First, p-values are notoriously difficult to interpret/explain. Quoting Andrew Gelman...
The casual view of the P value as posterior probability of the truth of the null hypothesis is false and not even close to valid under any reasonable model, yet this misunderstanding persists even in high-stakessettings....The formal view of the P value as a probability conditional on the null is mathematically correct but typically irrelevant to research goals (hence, the popularity of alternative—if wrong—interpretations).
Second, as described in this July 2017 article from Nature, the use of frequentist p-values as a test of significance has in recent years helped to produce a slew of results deemed significant that cannot be reproduced...
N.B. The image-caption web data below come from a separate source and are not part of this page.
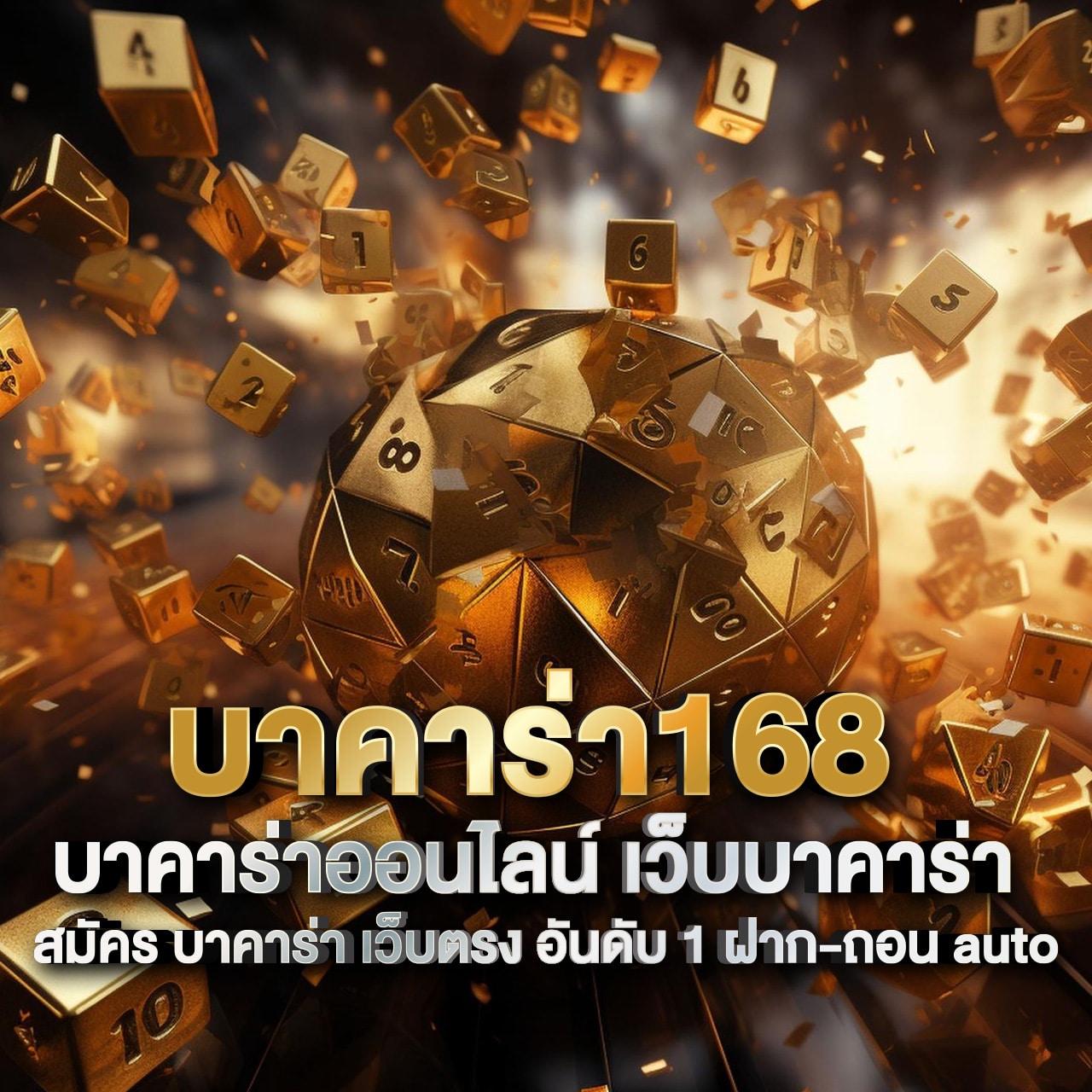เว็บสล็อต pg รวมเกมสล็อตสุดล้ำ ฝากถอนอัตโนมัติ 24 ชม.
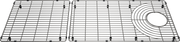 Blanco Inteos Grid 45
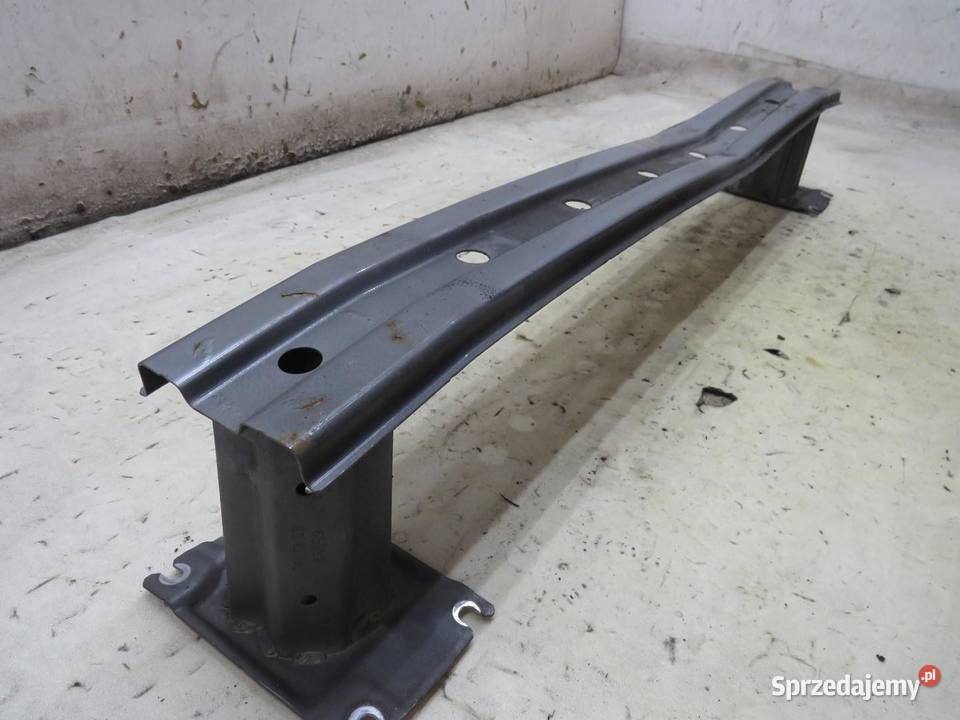 BELKA ZDERZAKA TYŁ SX4 SCROSS 6557361M0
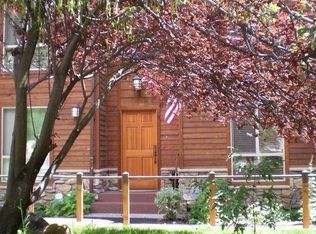 971 Fairway Blvd #4, Incline Village, NV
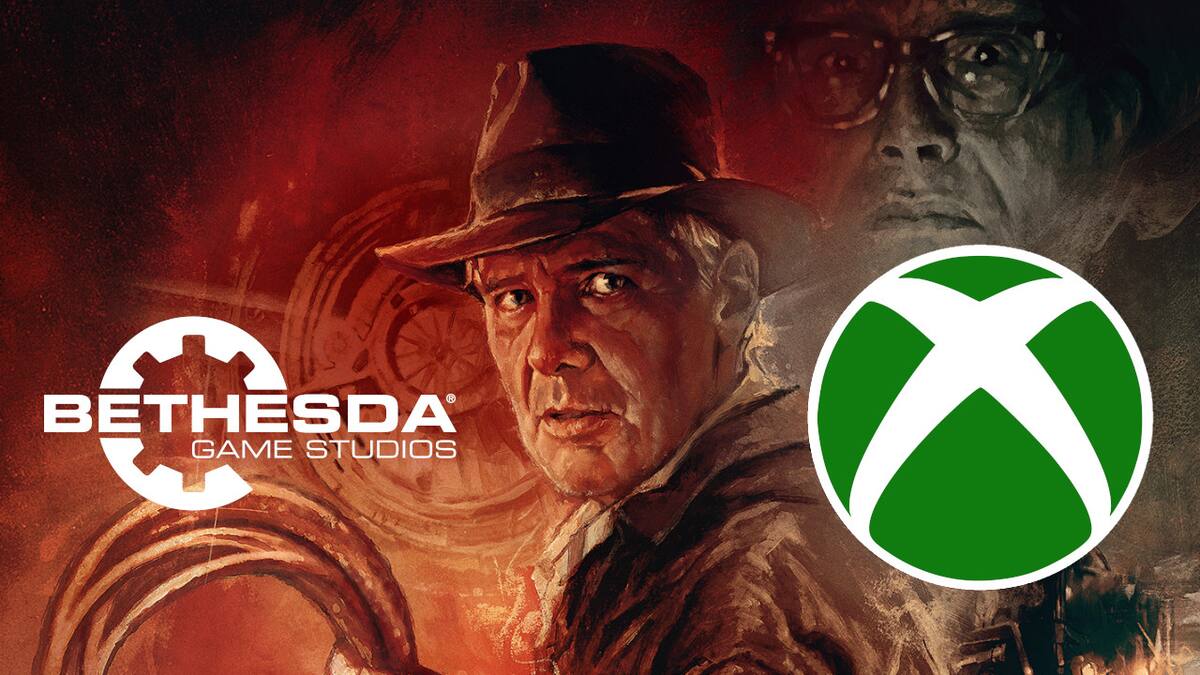 Acaba de salir a la luz una de las sorpresas del próximo Developer Direct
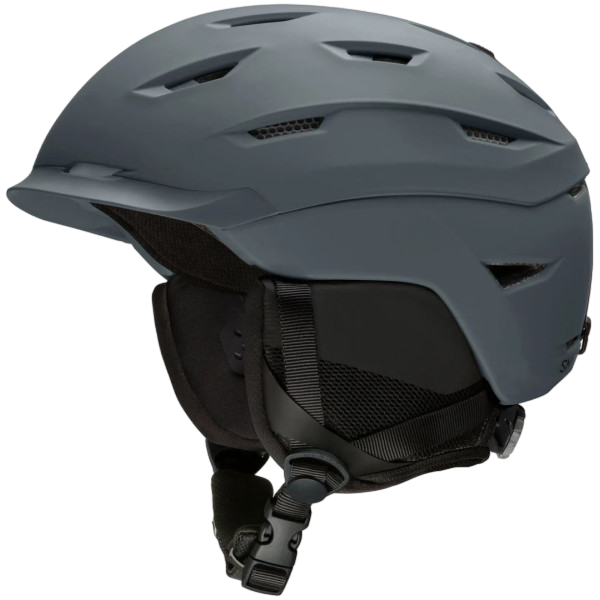 Smith Level Skihelm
Shlomo Argamon, a computer scientist at the Illinois Institute of Technology in Chicago, says... “no matter what confidence level you choose, if there are enough different ways to design your experiment, it becomes highly likely that at least one of them will give a statistically significant result just by chance”
Now, the risk described above can be largely eliminated if you have a simple experimental design that can be repeated, but if your experiment is non-repeatable, then you are stuck with the single p-value you get on the one try.
These problems with p-values may be correctable, and it is probably a bit of overstatement to think they are inherent to a "frequentist conception of probability", but it's also true that Bayesian methods are less encumbered by these particular issues.